# Structured Streaming  

This chapter will provide a jump-start on the concepts behind Spark Streaming and how this has evolved into Structured Streaming. An important aspect of Structured Streaming is that it utilizes Spark DataFrames. This shift in paradigm will make it easier for Python developers to start working with Spark Streaming.  


In this chapter, your will learn:  
• What is Spark Streaming?  
• Why do we need Spark Streaming?  
• What is the Spark Streaming application data flow?  
• Simple streaming application using DStream  
• A quick primer on Spark Streaming global aggregations  
• Introducing Structured Streaming  

Note, for the initial sections of this chapter, the example code used will be in Scala, as this was how most Spark Streaming code was written. When we start focusing on Structured Streaming, we will work with Python examples.

## What is Spark Streaming?
At its core, Spark Streaming is a scalable, fault-tolerant streaming system that takes the RDD batch paradigm (that is, processing data in batches) and speeds it up. While it is a slight over-simplification, basically Spark Streaming operates in mini-batches or batch intervals (from 500ms to larger interval windows).  
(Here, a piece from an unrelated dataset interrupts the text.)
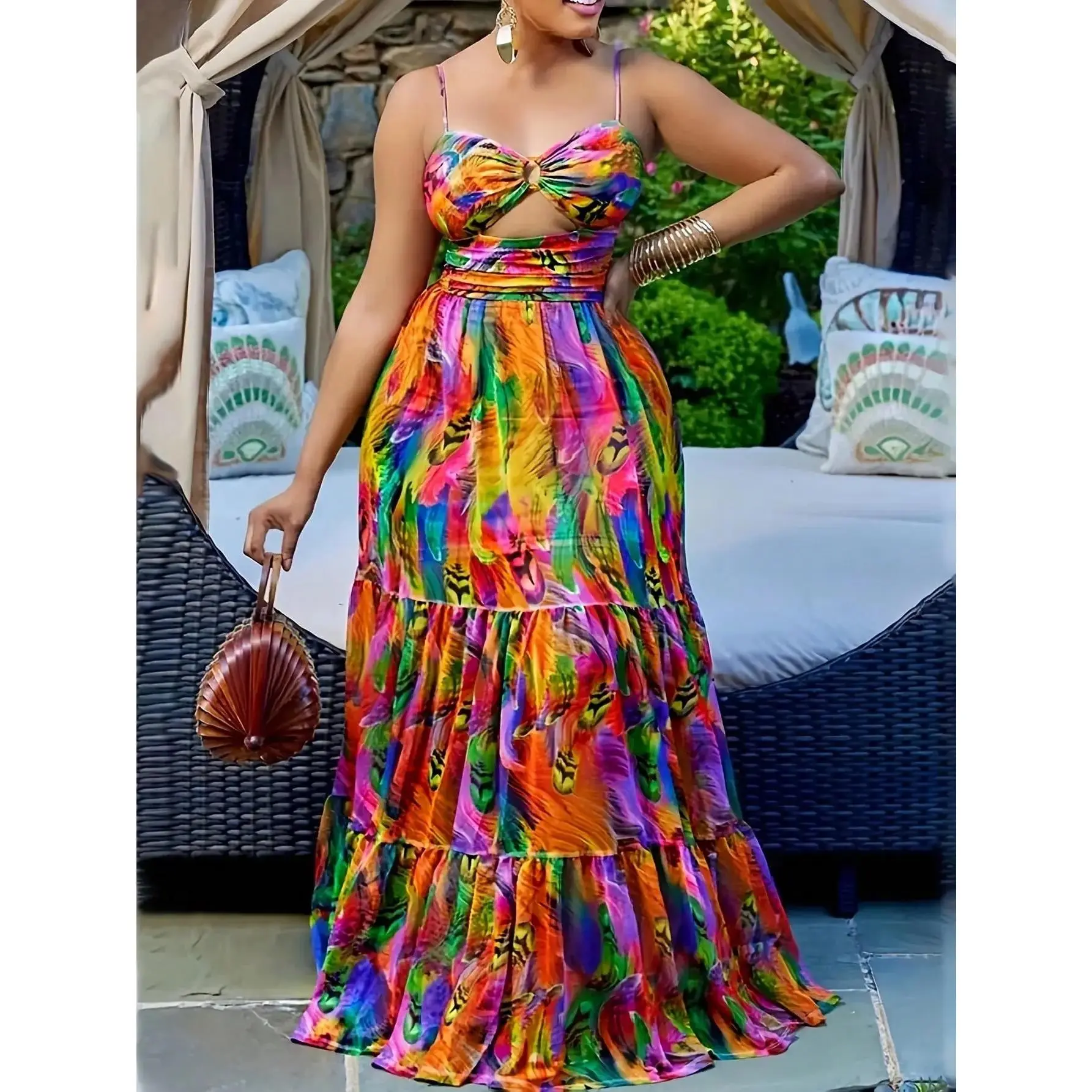 Sexy printed hollow out patchwork suspender multicolor dress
As noted in the following diagram, Spark Streaming receives an input data stream
and internally breaks that data stream into multiple smaller batches (the size of
which is based on the batch interval). The Spark engine processes those batches of
input data to a result set of batches of processed data.  
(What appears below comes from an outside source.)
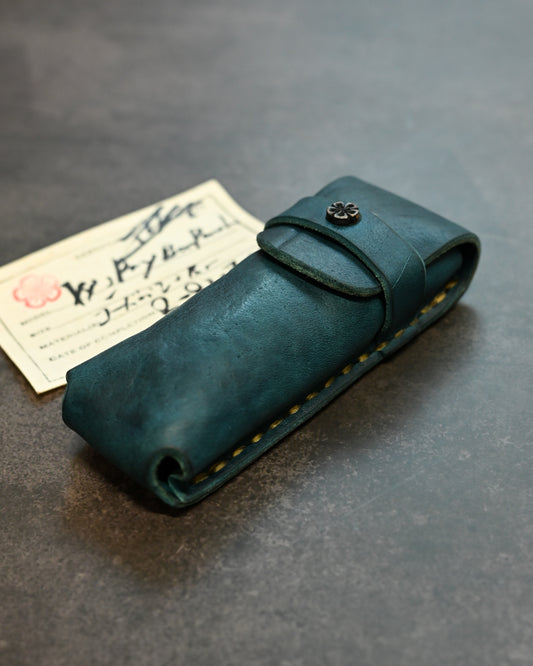 Wtopia Handmade Knife/Tool/Flashlight Pouch – Japanese Shell Cordovan with Bronze Cherry Blossom Inlay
![image.png](attachment:image.png)  

The key abstraction for Spark Streaming is Discretized Stream (DStream), which
represents the previously mentioned small batches that make up the stream of data.
DStreams are built on RDDs, allowing Spark developers to work within the same
context of RDDs and batches, only now applying it to their streaming problems.
Also, an important aspect is that, because you are using Apache Spark, Spark
Streaming integrates with MLlib, SQL, DataFrames, and GraphX.  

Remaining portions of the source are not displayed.